Prior to that moment our friends/family had no evidence of our embarrassing moment. But once they read it, they suddenly have evidence to imagine and simulate us in that compromising situation. And thus we have evidence to imagine them imagining us in that situation. It is our knowledge of their knowledge that makes us feel embarrassed.
So privacy comes down to regulating the evidence that other people have to imagine us in compromising situations. To bring it back to my original example, when we are in a bathroom stall we are blocked from other people's visibility enough that they don't have any evidence to imagine who it is that is sitting in the bathroom stall. Similarly, we don't have any evidence to imagine that we are being watched by a specific person.
All of this has to do with what Foucault describes when he talks about panopticism. It is other people's gazes, and our knowledge of their gaze, that really gives us the means of controlling our own behavior, or of feeling like we do or do not have privacy.

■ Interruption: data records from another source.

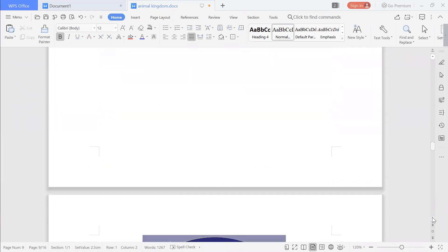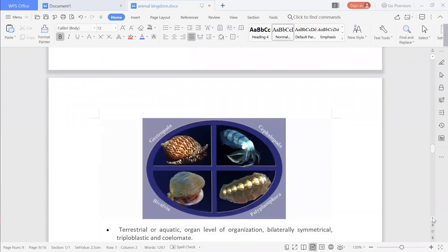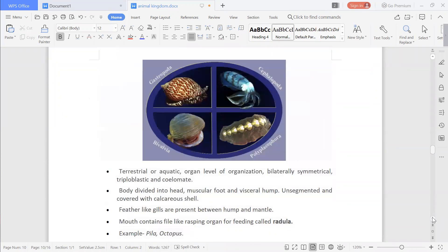The next and last phylum for today is Mollusca. These are terrestrial or aquatic with organ system level of organization. They also have bilateral symmetry — by only one plane they can be divided into two equal halves. They are triploblastic, having three germ layers: ectoderm, mesoderm, and endoderm.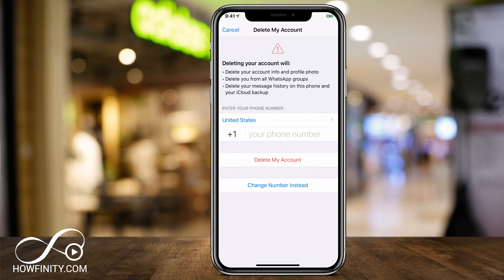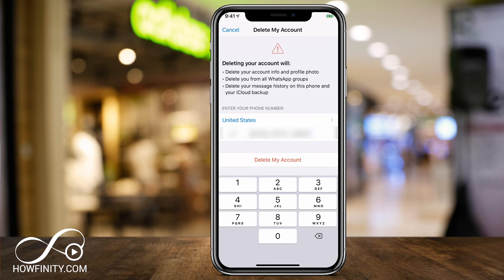Go ahead and press Delete Account here. Because you used your phone number to sign up, you have to type in that same phone number again that you're using for WhatsApp to delete your account. Or if you changed your number, you could just change your number instead, and you don't have to create a new account with a new number. So I'm going to type in my phone number here and press Delete My Account.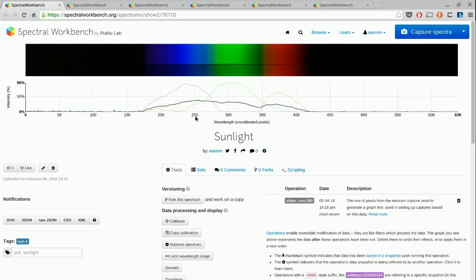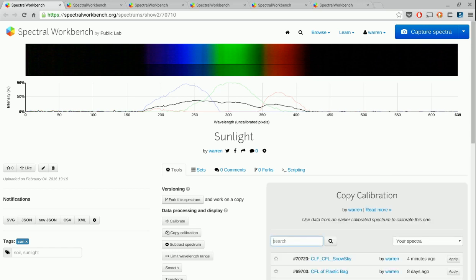What we'd like to do is know what wavelength each of these pixels is. And as you might have seen in the introduction video, the way we do that is we copy a calibration. I took a calibration fairly recently, or just before I took this spectrum, and I search for it here, and I click Apply.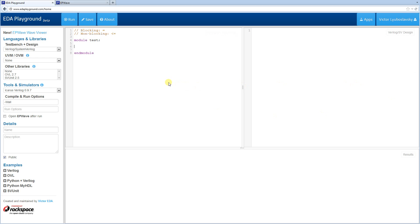Welcome to EDA Playground Verilog Tutorials. My name is Victor. I'm the creator of EDA Playground.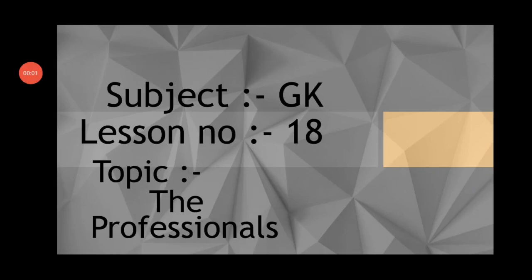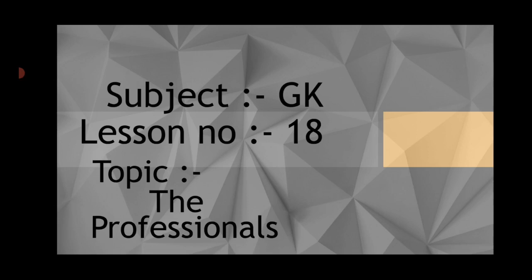Good morning students. Today in this lesson we are going to study about the professionals. This topic is related to those who are professionals in their own fields. It is not such that only in one field there are professionals, so in different fields there are different kinds of professionals.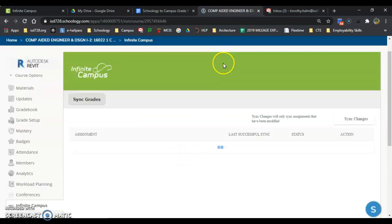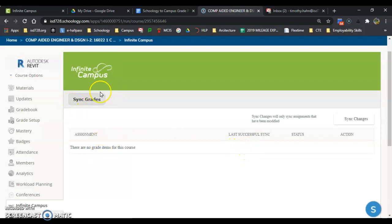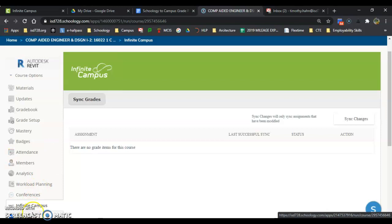This is what that spinning grade will kind of look like. There's no grades in this, but just hit sync grades here and let it take its time — and that's how you fix sync grades.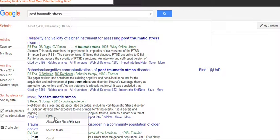Your EndNote library will open up and the reference will pop into your EndNote library.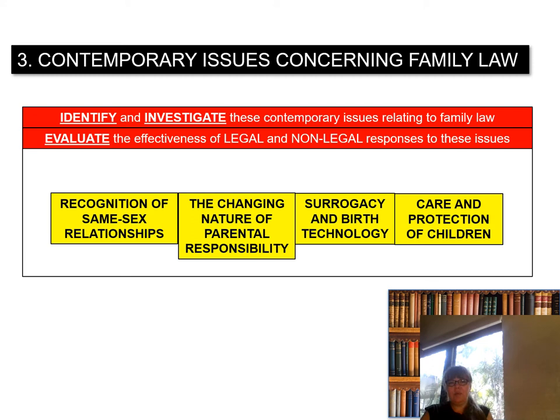Welcome to video six. We are going to start looking at contemporary issues concerning family law. You will see on page 66 you have two red boxes. The top red box is: identify and investigate these contemporary issues relating to family law. The second red box is: evaluate the effectiveness of legal and non-legal responses to these issues. This video is going to look at the recognition of same-sex relationships and the changing nature of parental responsibility.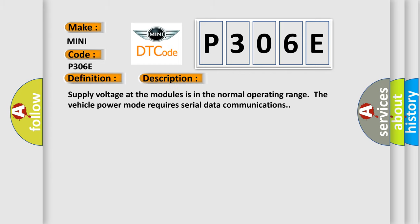Supply voltage at the modules is in the normal operating range, the vehicle power mode requires serial data communications.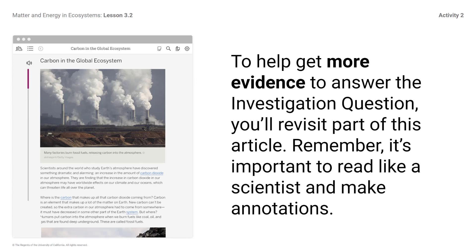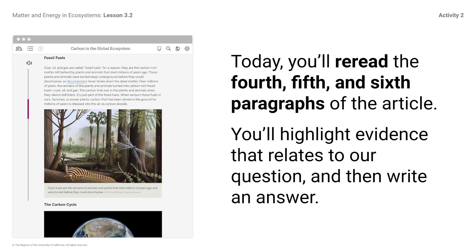Remember, it's important to read like a scientist and make annotations. First, let's review some of the annotations you made during your first read of this article in the previous lesson. Today, you'll re-read the fourth, fifth, and sixth paragraphs of the article. You'll highlight evidence that relates to your question and then write an answer.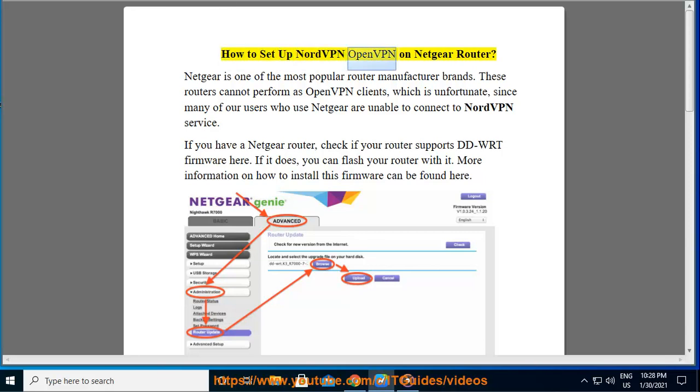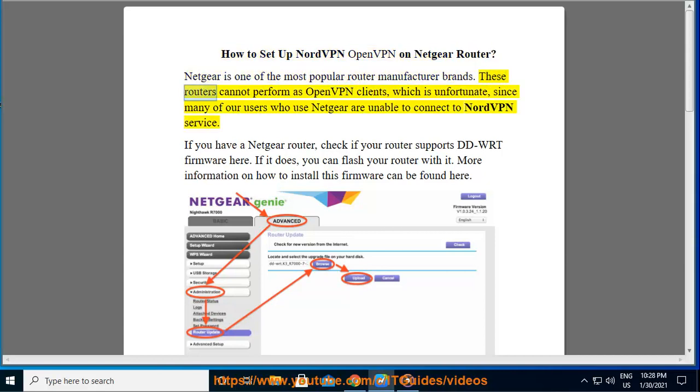How to set up NordVPN OpenVPN on Netgear Router. Netgear is one of the most popular router manufacturer brands. These routers cannot perform as OpenVPN clients, which is unfortunate, since many of our users who use Netgear are unable to connect to NordVPN service.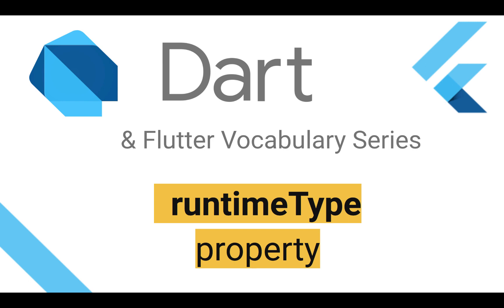Hi friends, welcome to Dart and Flutter vocabulary series. In this video series, I will be covering the terms I come across in my Dart and Flutter development.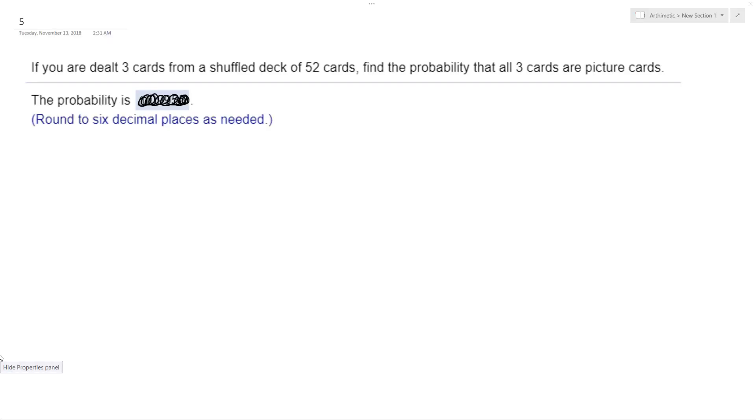All right, so we're dealt three cards from a shuffled deck of 52 cards, find the probability that all three cards are picture cards. So there are 12 picture cards.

So it comes to down to the economy of the imagination. It comes back to how much information is available to allow people to imagine us in certain ways. What matters is the evidence people have to imagine us in compromising situations, and how much we are aware of how people are able to imagine us in those compromising situations.
It is like a loop of imaginative simulation. We are imaginatively simulating other people's imaginative simulations of us. So it becomes about gauging what kind of evidence people have to simulate us. This is what I mean by the economy of the imagination. What kind of things are people able to imagine us doing. What is the evidence that they have that is allowing them to imagine/simulate us in those ways.
What a weird post this is. Sorry it is so embarrassing and silly. It is funny because I'm very embarrassed to be writing about this. About this issue of bathrooms and privacy. It just sounds very funny to me.
And in some ways I am engaging in the process I am describing. I am putting out information about my thoughts that will potentially compromise the privacy of my mind. So who will read this, and will it effect the way that other people imagine me? How does this change the economy of my imagination of other people? It makes it so that certain people can think certain things about me. And it makes it so that I have to think those certain things about myself as if I were other people. This whole post just fucks with my mind. The loop of imaginative simulations between people is so hard for me to articulate clearly and without all this jargon and technical terminology. Whatevs.